<<<<

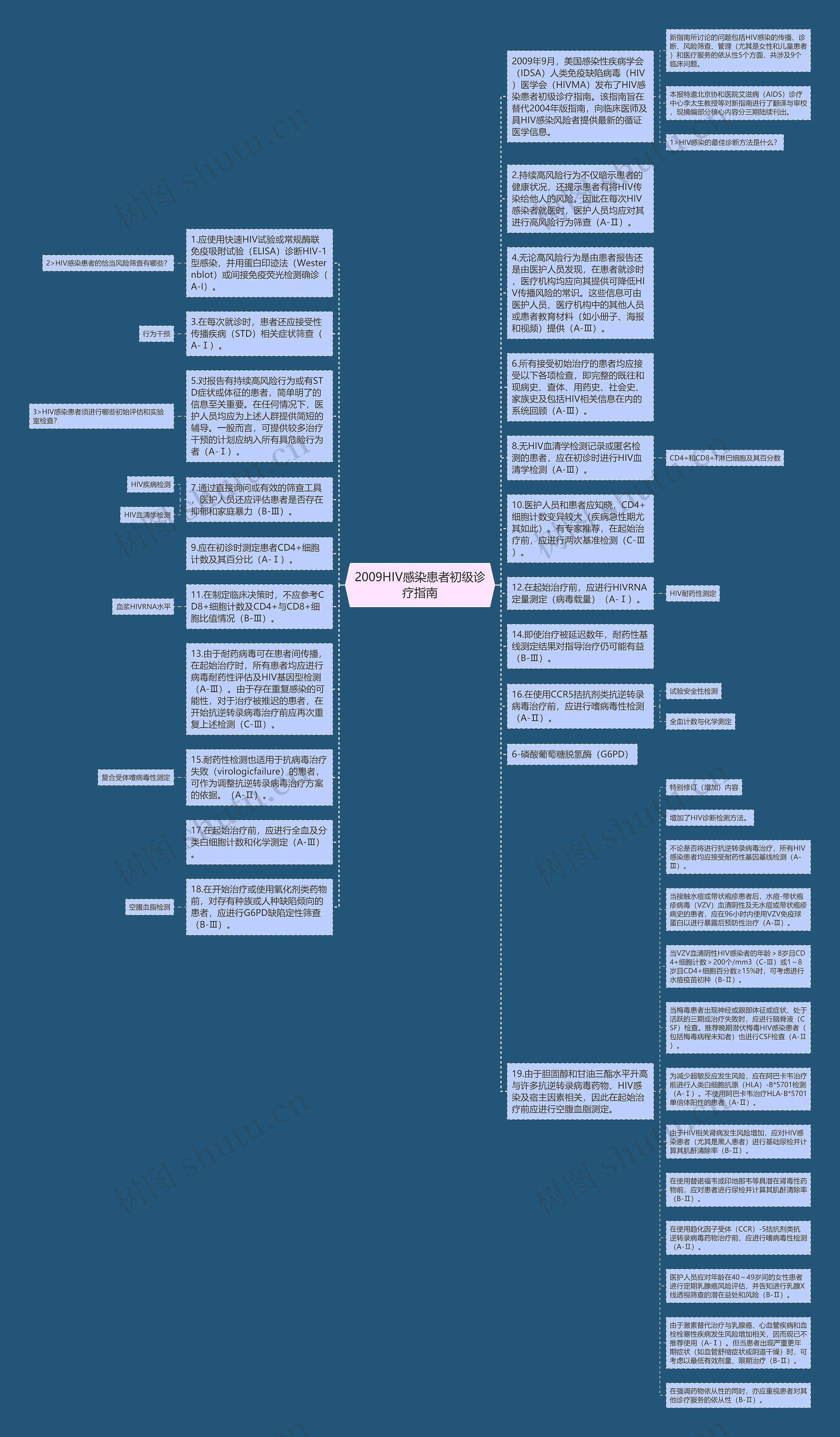 2009HIV感染患者初级诊疗指南思维导图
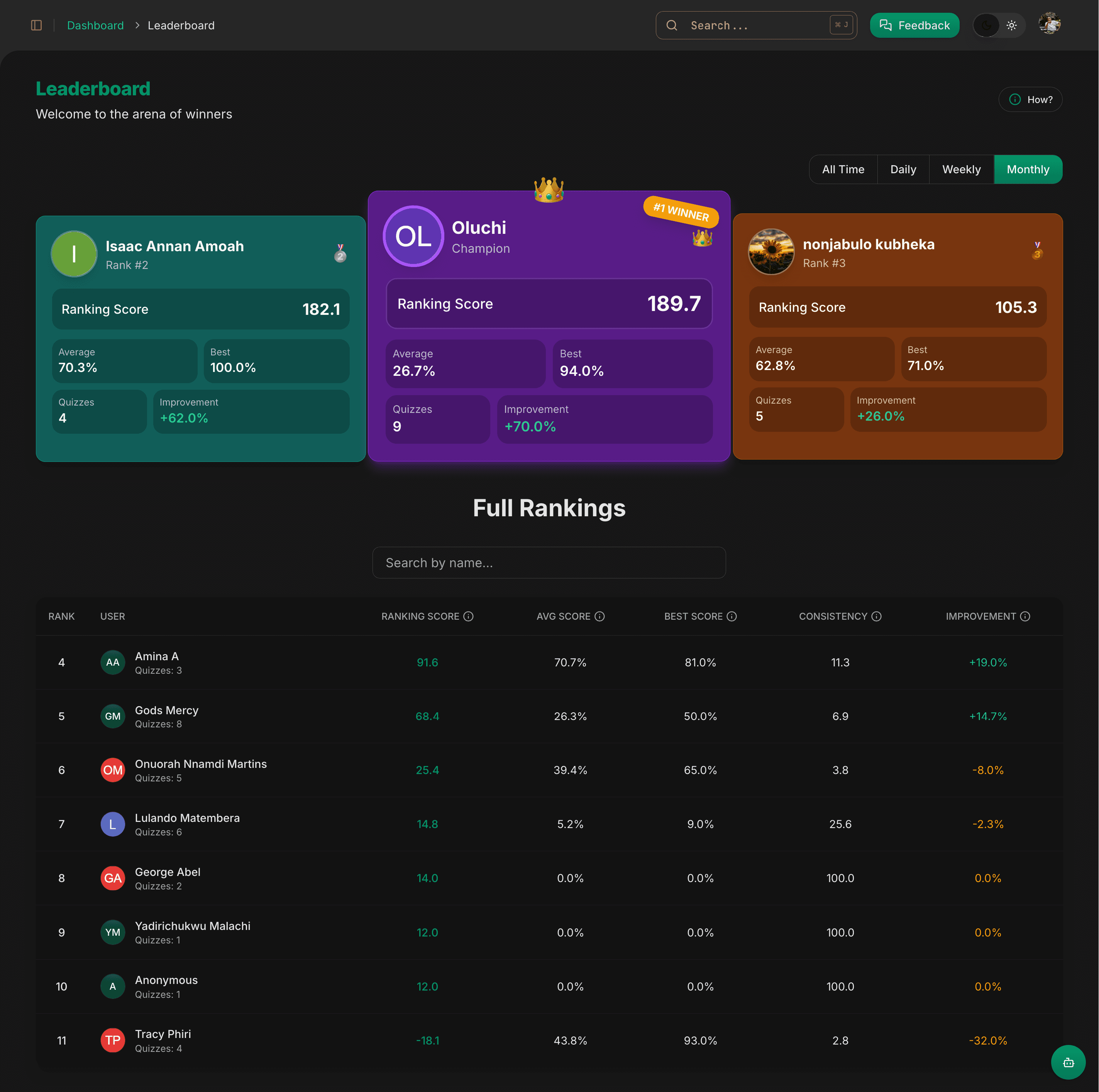 AI-Powered Cloud Certification Platform screenshot 7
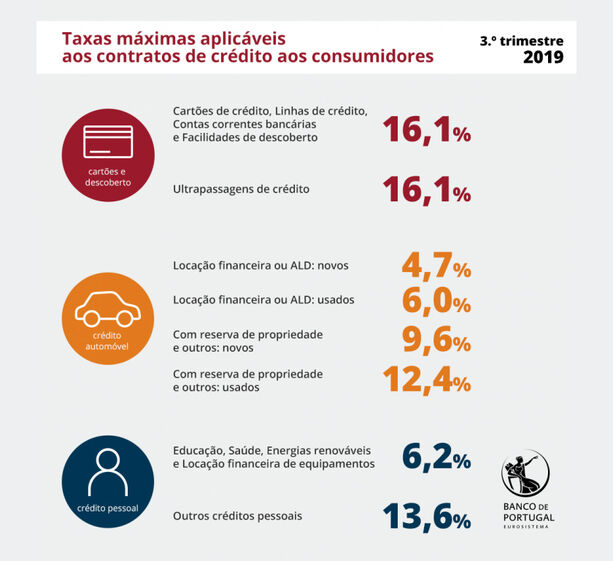 Exportações automóveis carros 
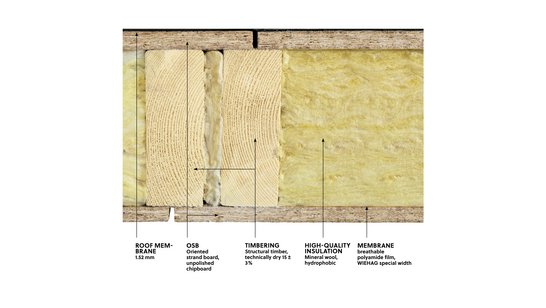 WIEHAG Roof Element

>>>>

_TASK STATEMENT:_ Repeat the listing above in full, exactly, and omit its pictures.

_TASK RESPONSE:_
 2009HIV感染患者初级诊疗指南思维导图
 AI-Powered Cloud Certification Platform screenshot 7
 Exportações automóveis carros 
 WIEHAG Roof Element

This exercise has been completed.